MPIANGU di nzau (Facultés catholiques de Kinshasa), Les aspects pédagogiques de l’initiation de la jeunesse congolaise dans la société traditionnelle : le rôle de la communauté, in SEMAINES THEOLOGIQUES DE KINSHASA, L’Education de la jeunesse dans l’Eglise-Famille en Afrique. Actes de la XXI è Semaine Théologique de Kinshasa du 22 au 28 novembre 1998, Facultés Catholiques de Kinshasa 2001 : Saint Paul-Limete-Kinshasa, 2001, p. 39.

646.

Idem.

647.

Dans son article « Approche psychologique des idiocosmognosies sociales en matière d’éducation de la jeunesse : L’émergence de l’école de la copie » (Cfr. L’éducation de la jeunesse dans l’Eglise-Famille en Afrique, p. 30), le Professeur NGUB’USIM Mpey-Nka (Université de Kinshasa), « l’école de la copie est celle qui forme l’individu à l’assimilation, à l’imitation et à la routine, et fait de lui un conformiste à l’esprit peu indépendant, peu compétitif, peu motivé à remettre en question son environnement, peu sensible aux problèmes et aux situations nouvelles, résistant au changement ».  Pour amenuiser ou supprimer les effets de l’école de la copie, il propose une révolution dans le système éducatif de la RDC. Cette révolution, souligne-t-il, est celle où l’éducation, tout en jouant son rôle de socialisation de l’enfant, forme en lui un changement et le développement de la communauté.
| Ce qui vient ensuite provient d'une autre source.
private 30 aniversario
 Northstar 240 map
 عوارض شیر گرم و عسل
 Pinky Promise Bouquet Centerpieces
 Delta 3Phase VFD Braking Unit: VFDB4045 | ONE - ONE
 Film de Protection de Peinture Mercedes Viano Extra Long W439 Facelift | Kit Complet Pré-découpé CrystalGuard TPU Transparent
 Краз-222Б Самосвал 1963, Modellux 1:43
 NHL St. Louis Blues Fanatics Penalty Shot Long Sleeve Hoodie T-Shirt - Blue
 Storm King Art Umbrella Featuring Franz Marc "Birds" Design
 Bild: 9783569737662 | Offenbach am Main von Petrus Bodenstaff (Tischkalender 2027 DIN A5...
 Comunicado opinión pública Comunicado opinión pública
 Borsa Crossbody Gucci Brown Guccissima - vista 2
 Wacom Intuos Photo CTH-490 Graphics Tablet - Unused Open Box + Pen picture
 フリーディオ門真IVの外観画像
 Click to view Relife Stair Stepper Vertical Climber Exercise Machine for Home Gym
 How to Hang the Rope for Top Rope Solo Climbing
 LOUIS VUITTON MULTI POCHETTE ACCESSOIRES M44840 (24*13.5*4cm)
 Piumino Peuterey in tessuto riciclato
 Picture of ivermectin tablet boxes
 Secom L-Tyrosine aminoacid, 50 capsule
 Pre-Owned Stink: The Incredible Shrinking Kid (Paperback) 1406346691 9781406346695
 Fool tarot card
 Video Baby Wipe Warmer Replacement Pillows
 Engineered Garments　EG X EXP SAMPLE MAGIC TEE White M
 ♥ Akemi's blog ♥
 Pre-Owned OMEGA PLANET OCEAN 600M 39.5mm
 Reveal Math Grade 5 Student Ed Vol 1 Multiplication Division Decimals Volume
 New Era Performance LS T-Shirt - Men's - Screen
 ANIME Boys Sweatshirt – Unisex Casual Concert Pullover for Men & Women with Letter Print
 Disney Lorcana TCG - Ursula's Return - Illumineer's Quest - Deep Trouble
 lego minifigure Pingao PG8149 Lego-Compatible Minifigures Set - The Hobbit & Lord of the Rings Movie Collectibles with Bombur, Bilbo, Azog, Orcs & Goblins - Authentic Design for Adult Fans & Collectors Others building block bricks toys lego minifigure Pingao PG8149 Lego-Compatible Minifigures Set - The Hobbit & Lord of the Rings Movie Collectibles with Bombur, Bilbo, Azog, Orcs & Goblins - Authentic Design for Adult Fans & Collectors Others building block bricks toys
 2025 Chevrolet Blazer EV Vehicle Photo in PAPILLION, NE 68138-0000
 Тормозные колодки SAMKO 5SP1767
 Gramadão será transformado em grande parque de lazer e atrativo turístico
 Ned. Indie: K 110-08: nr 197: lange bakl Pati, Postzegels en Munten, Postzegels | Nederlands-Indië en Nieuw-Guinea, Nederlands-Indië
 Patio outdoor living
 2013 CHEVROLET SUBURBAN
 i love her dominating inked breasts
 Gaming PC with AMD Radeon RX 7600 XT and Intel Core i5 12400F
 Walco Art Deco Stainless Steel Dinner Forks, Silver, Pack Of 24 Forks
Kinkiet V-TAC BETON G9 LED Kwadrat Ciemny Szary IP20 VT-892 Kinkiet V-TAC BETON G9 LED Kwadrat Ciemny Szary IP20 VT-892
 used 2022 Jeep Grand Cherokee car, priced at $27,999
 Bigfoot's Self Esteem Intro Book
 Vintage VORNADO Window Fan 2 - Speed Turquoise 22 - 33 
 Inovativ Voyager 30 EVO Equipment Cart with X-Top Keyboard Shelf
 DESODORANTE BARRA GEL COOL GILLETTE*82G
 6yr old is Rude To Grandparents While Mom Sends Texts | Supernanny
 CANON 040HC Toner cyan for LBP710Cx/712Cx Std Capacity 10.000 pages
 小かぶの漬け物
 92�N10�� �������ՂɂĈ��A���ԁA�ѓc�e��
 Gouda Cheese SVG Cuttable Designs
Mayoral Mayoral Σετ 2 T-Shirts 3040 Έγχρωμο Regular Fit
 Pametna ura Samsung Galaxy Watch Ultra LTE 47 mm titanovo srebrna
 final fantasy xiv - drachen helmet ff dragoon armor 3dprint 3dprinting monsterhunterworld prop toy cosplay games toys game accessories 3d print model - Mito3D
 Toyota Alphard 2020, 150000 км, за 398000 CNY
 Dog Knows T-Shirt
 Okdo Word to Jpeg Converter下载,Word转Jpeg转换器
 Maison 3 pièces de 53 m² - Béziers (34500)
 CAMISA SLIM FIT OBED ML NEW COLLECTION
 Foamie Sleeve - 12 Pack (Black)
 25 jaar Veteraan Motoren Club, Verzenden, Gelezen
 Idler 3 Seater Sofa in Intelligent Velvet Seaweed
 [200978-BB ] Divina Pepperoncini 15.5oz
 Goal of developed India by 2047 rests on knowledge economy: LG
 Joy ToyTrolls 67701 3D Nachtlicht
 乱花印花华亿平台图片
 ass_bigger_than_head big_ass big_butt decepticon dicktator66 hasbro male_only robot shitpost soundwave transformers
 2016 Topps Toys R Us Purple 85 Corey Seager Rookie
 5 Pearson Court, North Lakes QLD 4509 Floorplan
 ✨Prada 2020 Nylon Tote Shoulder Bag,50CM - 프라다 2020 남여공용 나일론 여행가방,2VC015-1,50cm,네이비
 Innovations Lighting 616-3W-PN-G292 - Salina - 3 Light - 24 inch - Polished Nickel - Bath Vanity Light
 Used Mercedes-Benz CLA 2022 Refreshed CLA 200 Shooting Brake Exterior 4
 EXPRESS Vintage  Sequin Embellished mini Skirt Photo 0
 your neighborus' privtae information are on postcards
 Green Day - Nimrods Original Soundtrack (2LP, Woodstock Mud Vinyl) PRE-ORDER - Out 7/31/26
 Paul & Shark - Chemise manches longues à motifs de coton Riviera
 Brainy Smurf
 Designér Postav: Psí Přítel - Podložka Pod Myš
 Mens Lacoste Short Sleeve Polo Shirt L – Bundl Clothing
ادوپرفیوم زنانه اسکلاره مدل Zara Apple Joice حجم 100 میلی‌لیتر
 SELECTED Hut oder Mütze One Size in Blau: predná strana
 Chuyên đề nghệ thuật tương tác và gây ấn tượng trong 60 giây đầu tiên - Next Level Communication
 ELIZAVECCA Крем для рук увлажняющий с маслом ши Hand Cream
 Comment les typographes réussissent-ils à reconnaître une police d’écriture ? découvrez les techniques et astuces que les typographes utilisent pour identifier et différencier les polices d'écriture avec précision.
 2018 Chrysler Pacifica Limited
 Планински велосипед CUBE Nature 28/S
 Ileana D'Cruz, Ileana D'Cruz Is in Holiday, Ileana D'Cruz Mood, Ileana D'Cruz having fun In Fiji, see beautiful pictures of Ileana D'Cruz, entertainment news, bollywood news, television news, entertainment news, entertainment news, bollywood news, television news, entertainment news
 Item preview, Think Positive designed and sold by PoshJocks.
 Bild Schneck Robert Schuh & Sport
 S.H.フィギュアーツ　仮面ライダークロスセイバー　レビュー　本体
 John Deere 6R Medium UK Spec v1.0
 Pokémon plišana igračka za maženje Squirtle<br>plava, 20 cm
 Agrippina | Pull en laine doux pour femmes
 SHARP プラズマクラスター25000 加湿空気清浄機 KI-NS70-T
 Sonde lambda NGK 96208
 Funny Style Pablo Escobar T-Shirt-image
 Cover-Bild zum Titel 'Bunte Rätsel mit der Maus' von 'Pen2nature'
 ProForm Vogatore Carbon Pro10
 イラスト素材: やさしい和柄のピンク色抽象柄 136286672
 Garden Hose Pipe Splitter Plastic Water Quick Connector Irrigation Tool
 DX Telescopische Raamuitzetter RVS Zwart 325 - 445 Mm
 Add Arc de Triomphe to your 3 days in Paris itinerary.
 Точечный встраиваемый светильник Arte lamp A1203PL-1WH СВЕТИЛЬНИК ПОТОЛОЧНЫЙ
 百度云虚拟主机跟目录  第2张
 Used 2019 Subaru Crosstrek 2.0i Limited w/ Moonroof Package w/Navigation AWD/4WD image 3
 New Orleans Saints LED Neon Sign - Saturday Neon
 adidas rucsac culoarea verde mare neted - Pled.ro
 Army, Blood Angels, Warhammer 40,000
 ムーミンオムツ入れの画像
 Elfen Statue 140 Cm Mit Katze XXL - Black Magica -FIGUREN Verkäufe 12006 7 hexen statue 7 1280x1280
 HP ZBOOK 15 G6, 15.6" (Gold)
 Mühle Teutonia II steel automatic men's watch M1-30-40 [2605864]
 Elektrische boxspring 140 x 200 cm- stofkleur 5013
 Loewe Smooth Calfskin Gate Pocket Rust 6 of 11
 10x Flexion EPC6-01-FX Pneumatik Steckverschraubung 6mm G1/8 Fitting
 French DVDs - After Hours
C’est celle d’une éducation inspirée de la pédagogie de la créativité et de l’innovation, basée sur les principes du non conformisme, de la non-directivité, de la tolérance, de la réceptivité aux idées et aux courants neufs de pensée. Cette révolution n’est pas simplement possible, elle est un impératif  (p. 34).

648.

ETSOU, F., Lés défis et les enjeux pastoraux de l’éducation de la jeunesse dans l’Eglise-Famille en Afrique, in SEMAINES THEOLOGIQUES DE KINSHASA, L’Education de la jeunesse dans l’Eglise-Famille en Afrique. Actes de la XXI è Semaine Théologique de Kinshasa du 22 au 28 novembre 1998, Facultés Catholiques de Kinshasa 2001 : Saint Paul-Limete-Kinshasa, 2001, p. 10.